Weapon swapping -and thus ability swapping- during combat similar to Guild Wars 2 is still up in the air as well. At this time players will need to change their weapon outside of combat in order to gain access to the new abilities.
On the flip side of things, while weapon abilities are rigid, class abilities are quite customizable. Each class type has a set of four ability types; movement, offensive, defensive and utility. Depending on the class you are currently playing as, you will be able to slot more abilities of a certain type. A Mage may have access to two utility slots, one movement slot and one offensive slot while a Warrior may have two offensive slots, one defensive slot and a utility slot.
These slots are determined by what main class you’re currently playing as, but the abilities in those slots are up to you to decide. If you’ve progressed several classes you can choose to use abilities from those classes in place of whatever abilities you would normally use if you were playing only as one class. This is how the multi-class system really works.
Ability customization also goes beyond just choosing which ones you will use. Your armor will also affect how your abilities work. Grabbing a certain ring for example, may reduce the energy cost of all teleportation abilities. This extends the significance of armor beyond it simply being an item which carries stats. SOE wants players to choose their gear based around what style of play they wish to achieve. Since class trees weren’t discussed during the panel, I suspect items may fill the role skill points do in traditional MMOs.

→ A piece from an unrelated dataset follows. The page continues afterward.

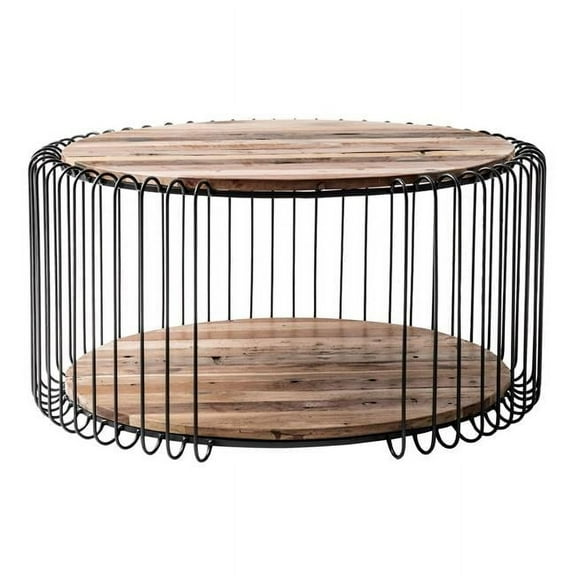 32 in. Reclaimed Wood & Iron Round Coffee Table, Black & Natural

So what about dedicated roles? Well there are two sides to this answer. The short answer is: no. SOE has confirmed there will not be dedicated healing and tanking roles, but they did stress there will still be a need for coordination during fights. In fact during the Q/A portion of the panel many players expressed their concern over this decision citing previous games such as Neverwinter and Guild Wars 2 as prime examples of what happens when there is a lack of dedicated roles. In response, the devs explained that they do indeed see the importance of giving players the ability to support their raid mates through non dps actions and promised players their would be opportunities for those who wish to do so.
Finally, SOE briefly touched on Everquest Next’s combat style. While they didn’t confirm tab targeting or action based combat, they did say weapons such as a broadsword would hit all targets in front of the player. The devs also let slip that all attacks would originate from skills, meaning no auto attacks. Overall, the developers say they are aiming for visceral, active movement oriented combat.
Coming away from the panel I felt a little conflicted. On the one hand I like the idea of using whatever abilities from whichever classes I have unlocked. I also like the fact that each class has restrictions on how many of each type of ability you can use. I am hoping this will help balance out the fact that there are over 40 classes while still making each class feel unique. On the other hand though, having only eight abilities seems incredibly restrictive. While I do agree having a smaller amount of meaningful abilities helps reduce bloat and keep players focused on the action at hand, in my eyes it really restricts the feeling of individual class importance.